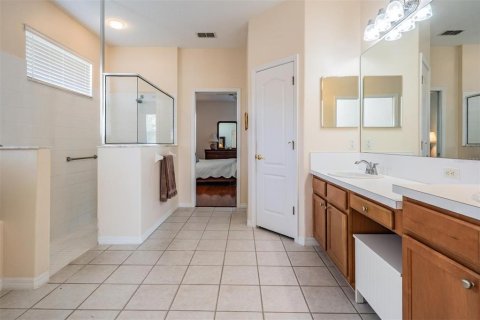 House in Trinity, Florida 3 bedrooms, 183.39 sq.m. № 1894172 - photo 12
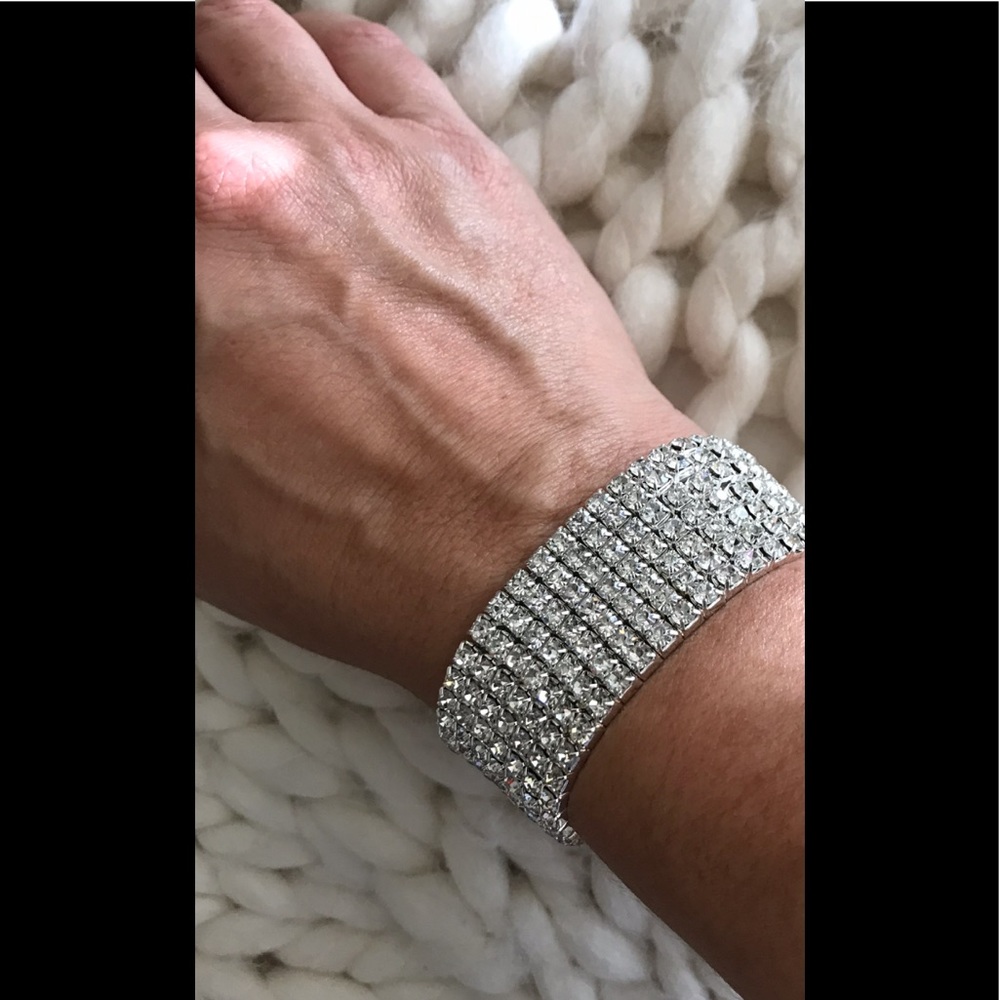 Stretchy 1 Inch Crystal Rhinestone Bracelet ❤️ - Picture 4 of 7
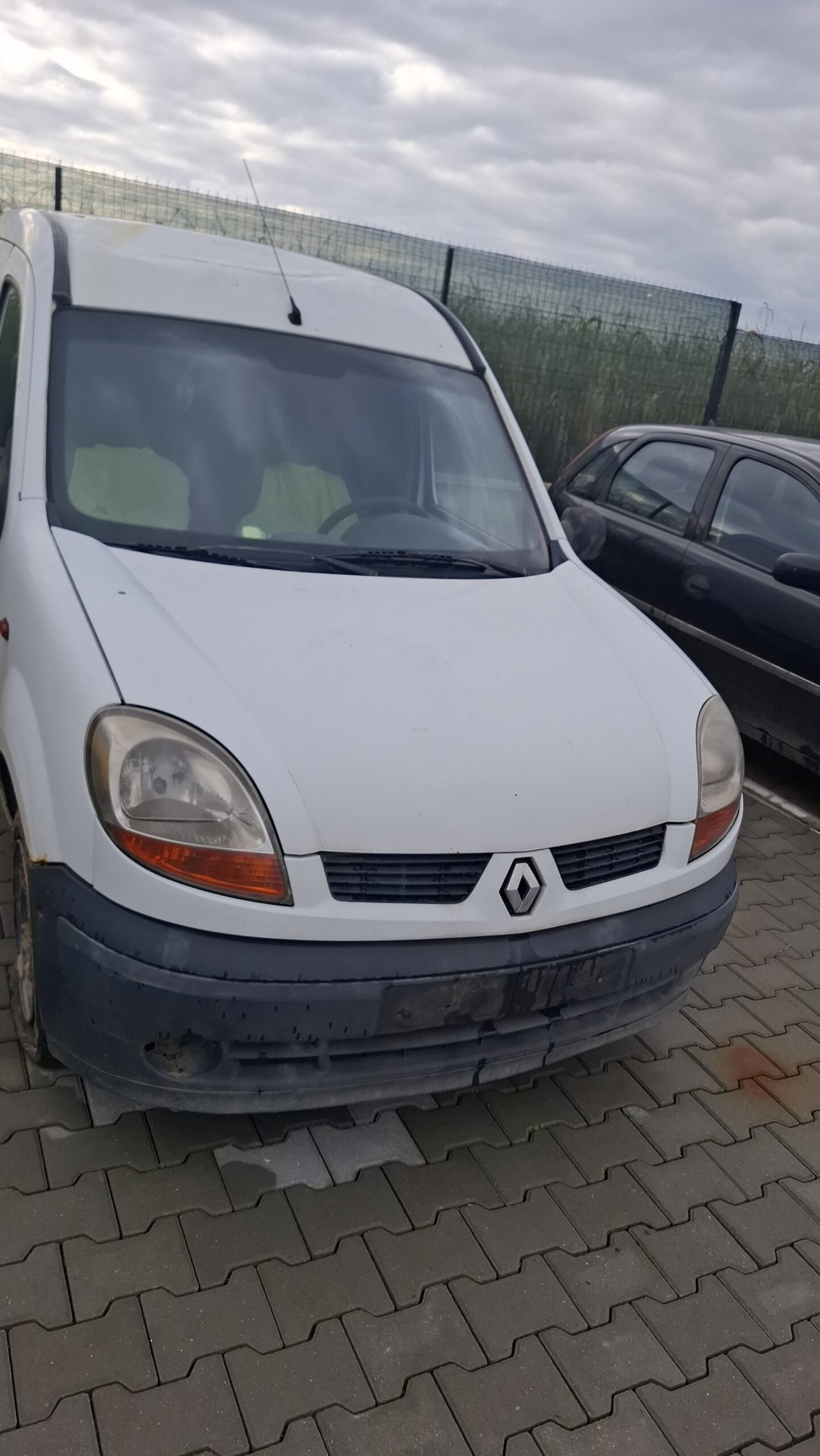 Dezmembrez Renault Kangoo 1.5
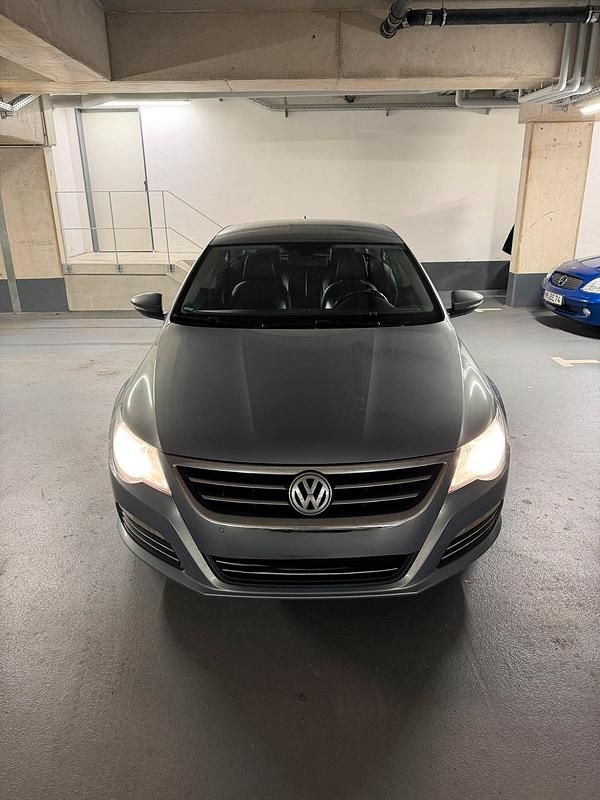 Grau Gebraucht 2009 VW Passat Coupé | 4.600 € (Fairer Preis) - Bild 1/4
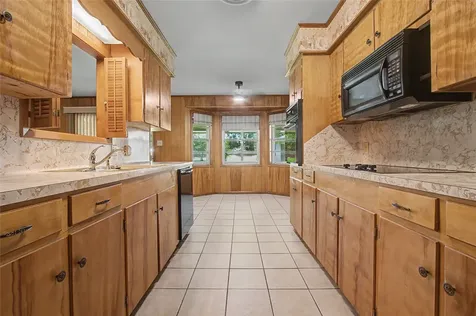 502 Cannon Road Victoria TX 77904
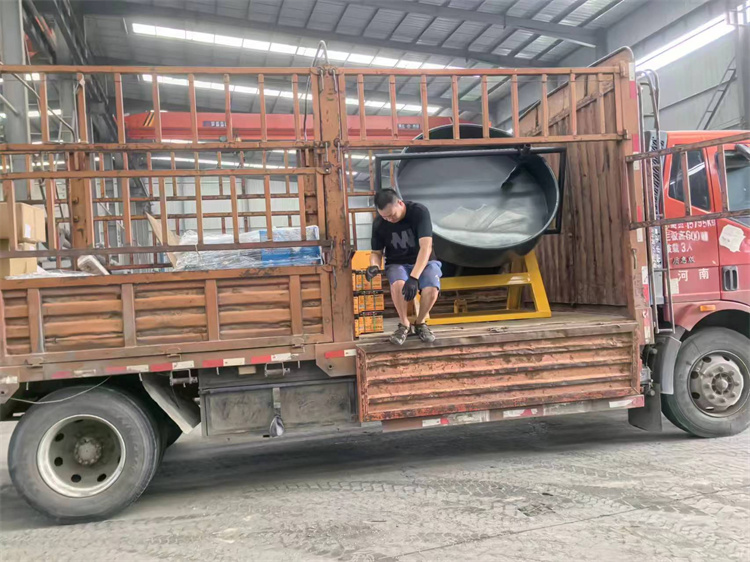 年產(chǎn)3萬鴨糞有機(jī)肥生產(chǎn)線發(fā)貨現(xiàn)場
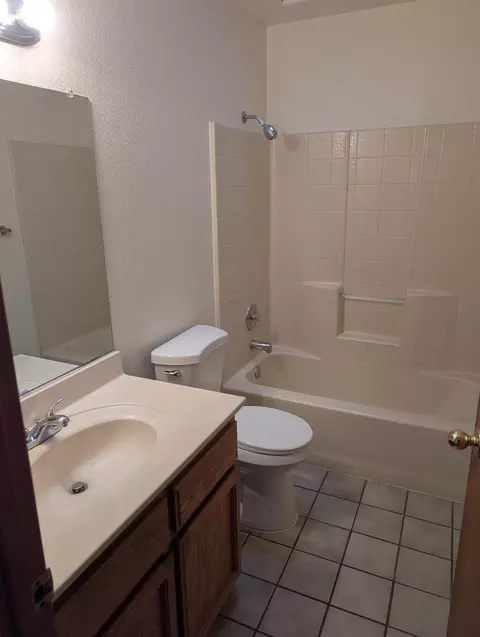 Bath - 1925 Trumpet Dr, Redding, CA 96003 photo 1 of 3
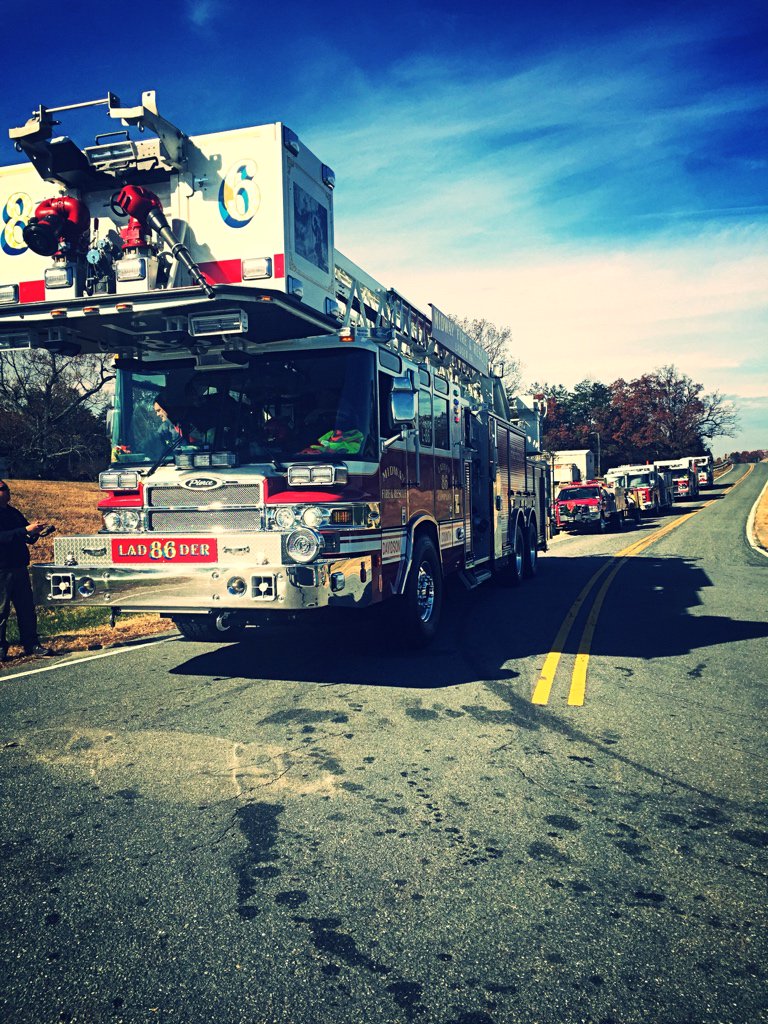 MidwayFireSt86's tweet photo. @ClintBowyer Glad to see you in the big parade today we’ve got our big rig out today too. #NcFire #SmallTownsRule https://t.co/beXLSFExPb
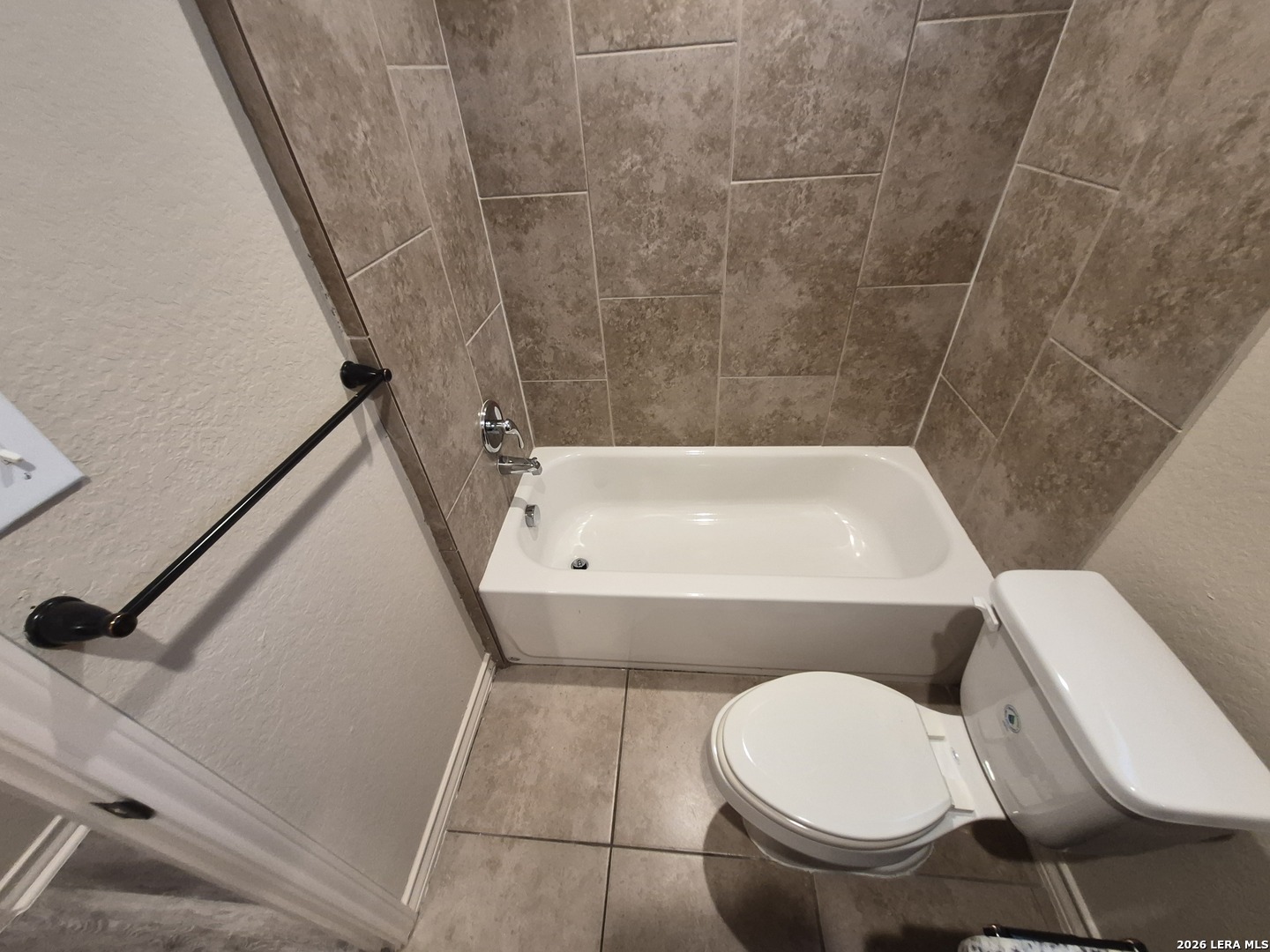 property viewer photo 27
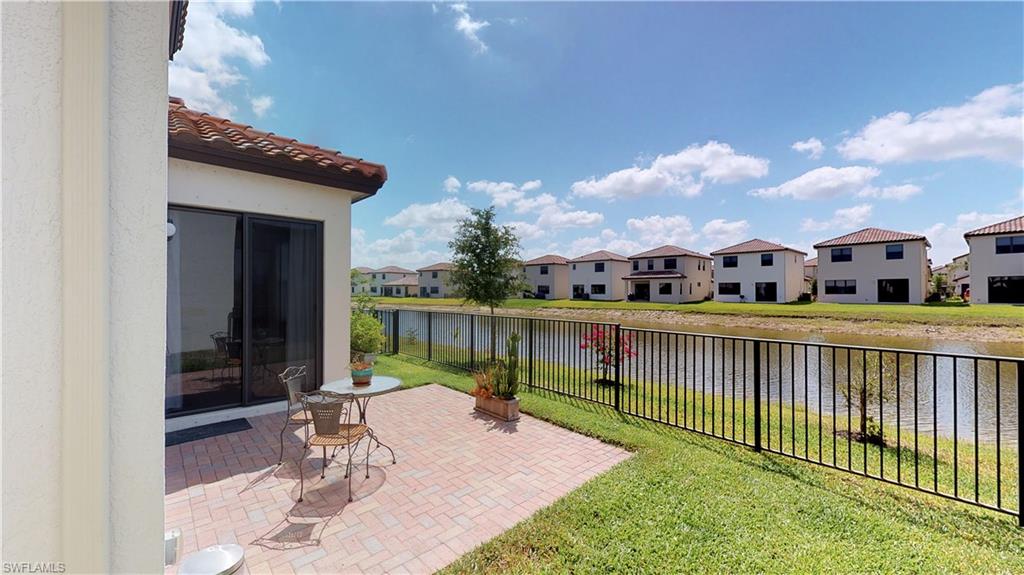 COQUINA AT MAPLE RIDGE - Residential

WHAT YOU NEED TO DO
All lines from the line with "Grau Gebraucht 2009" through the final line of the data, both included, are to be repeated exactly; no other lines and no pictures.

SOLUTION FOR THIS PROBLEM
 Grau Gebraucht 2009 VW Passat Coupé | 4.600 € (Fairer Preis) - Bild 1/4
 502 Cannon Road Victoria TX 77904
 年產(chǎn)3萬鴨糞有機(jī)肥生產(chǎn)線發(fā)貨現(xiàn)場
 Bath - 1925 Trumpet Dr, Redding, CA 96003 photo 1 of 3
 MidwayFireSt86's tweet photo. @ClintBowyer Glad to see you in the big parade today we’ve got our big rig out today too. #NcFire #SmallTownsRule https://t.co/beXLSFExPb
 property viewer photo 27
 COQUINA AT MAPLE RIDGE - Residential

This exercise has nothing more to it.